** Materials provided follows **
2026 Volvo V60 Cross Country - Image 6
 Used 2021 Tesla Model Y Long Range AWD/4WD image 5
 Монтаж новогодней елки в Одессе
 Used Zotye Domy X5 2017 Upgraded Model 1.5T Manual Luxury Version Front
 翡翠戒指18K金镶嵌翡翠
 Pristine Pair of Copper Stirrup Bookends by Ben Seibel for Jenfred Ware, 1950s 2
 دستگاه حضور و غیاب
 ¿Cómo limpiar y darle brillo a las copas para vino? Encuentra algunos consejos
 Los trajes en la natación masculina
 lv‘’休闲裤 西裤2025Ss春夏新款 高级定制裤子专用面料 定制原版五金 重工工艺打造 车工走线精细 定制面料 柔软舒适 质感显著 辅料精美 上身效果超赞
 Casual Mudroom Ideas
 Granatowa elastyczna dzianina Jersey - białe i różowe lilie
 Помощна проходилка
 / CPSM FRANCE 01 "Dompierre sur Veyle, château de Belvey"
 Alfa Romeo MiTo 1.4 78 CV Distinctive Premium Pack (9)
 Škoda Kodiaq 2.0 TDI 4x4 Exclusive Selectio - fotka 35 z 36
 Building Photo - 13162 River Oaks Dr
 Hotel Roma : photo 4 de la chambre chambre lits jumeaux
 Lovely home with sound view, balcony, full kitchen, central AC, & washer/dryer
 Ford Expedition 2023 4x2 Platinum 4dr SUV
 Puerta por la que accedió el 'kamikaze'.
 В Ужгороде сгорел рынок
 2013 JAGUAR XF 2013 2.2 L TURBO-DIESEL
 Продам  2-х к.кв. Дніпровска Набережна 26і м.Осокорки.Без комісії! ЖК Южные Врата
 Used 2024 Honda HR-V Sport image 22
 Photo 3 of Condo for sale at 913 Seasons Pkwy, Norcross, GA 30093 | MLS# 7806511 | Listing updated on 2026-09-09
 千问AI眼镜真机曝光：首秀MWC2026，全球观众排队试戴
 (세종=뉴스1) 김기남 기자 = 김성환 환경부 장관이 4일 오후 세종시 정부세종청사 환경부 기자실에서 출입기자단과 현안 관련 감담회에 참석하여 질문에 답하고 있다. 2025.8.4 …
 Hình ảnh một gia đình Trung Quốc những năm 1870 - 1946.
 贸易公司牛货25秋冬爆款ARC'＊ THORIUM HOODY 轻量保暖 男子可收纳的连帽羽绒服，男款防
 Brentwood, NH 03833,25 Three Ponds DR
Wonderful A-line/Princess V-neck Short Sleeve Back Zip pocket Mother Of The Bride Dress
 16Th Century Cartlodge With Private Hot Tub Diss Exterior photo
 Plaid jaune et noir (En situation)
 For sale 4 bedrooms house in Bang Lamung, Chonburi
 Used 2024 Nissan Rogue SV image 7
** End of Materials provided **
● Work to complete
Please write out each entry shown above exactly as given.

● Finished task
2026 Volvo V60 Cross Country - Image 6
 Used 2021 Tesla Model Y Long Range AWD/4WD image 5
 Монтаж новогодней елки в Одессе
 Used Zotye Domy X5 2017 Upgraded Model 1.5T Manual Luxury Version Front
 翡翠戒指18K金镶嵌翡翠
 Pristine Pair of Copper Stirrup Bookends by Ben Seibel for Jenfred Ware, 1950s 2
 دستگاه حضور و غیاب
 ¿Cómo limpiar y darle brillo a las copas para vino? Encuentra algunos consejos
 Los trajes en la natación masculina
 lv‘’休闲裤 西裤2025Ss春夏新款 高级定制裤子专用面料 定制原版五金 重工工艺打造 车工走线精细 定制面料 柔软舒适 质感显著 辅料精美 上身效果超赞
 Casual Mudroom Ideas
 Granatowa elastyczna dzianina Jersey - białe i różowe lilie
 Помощна проходилка
 / CPSM FRANCE 01 "Dompierre sur Veyle, château de Belvey"
 Alfa Romeo MiTo 1.4 78 CV Distinctive Premium Pack (9)
 Škoda Kodiaq 2.0 TDI 4x4 Exclusive Selectio - fotka 35 z 36
 Building Photo - 13162 River Oaks Dr
 Hotel Roma : photo 4 de la chambre chambre lits jumeaux
 Lovely home with sound view, balcony, full kitchen, central AC, & washer/dryer
 Ford Expedition 2023 4x2 Platinum 4dr SUV
 Puerta por la que accedió el 'kamikaze'.
 В Ужгороде сгорел рынок
 2013 JAGUAR XF 2013 2.2 L TURBO-DIESEL
 Продам  2-х к.кв. Дніпровска Набережна 26і м.Осокорки.Без комісії! ЖК Южные Врата
 Used 2024 Honda HR-V Sport image 22
 Photo 3 of Condo for sale at 913 Seasons Pkwy, Norcross, GA 30093 | MLS# 7806511 | Listing updated on 2026-09-09
 千问AI眼镜真机曝光：首秀MWC2026，全球观众排队试戴
 (세종=뉴스1) 김기남 기자 = 김성환 환경부 장관이 4일 오후 세종시 정부세종청사 환경부 기자실에서 출입기자단과 현안 관련 감담회에 참석하여 질문에 답하고 있다. 2025.8.4 …
 Hình ảnh một gia đình Trung Quốc những năm 1870 - 1946.
 贸易公司牛货25秋冬爆款ARC'＊ THORIUM HOODY 轻量保暖 男子可收纳的连帽羽绒服，男款防
 Brentwood, NH 03833,25 Three Ponds DR
Wonderful A-line/Princess V-neck Short Sleeve Back Zip pocket Mother Of The Bride Dress
 16Th Century Cartlodge With Private Hot Tub Diss Exterior photo
 Plaid jaune et noir (En situation)
 For sale 4 bedrooms house in Bang Lamung, Chonburi
 Used 2024 Nissan Rogue SV image 7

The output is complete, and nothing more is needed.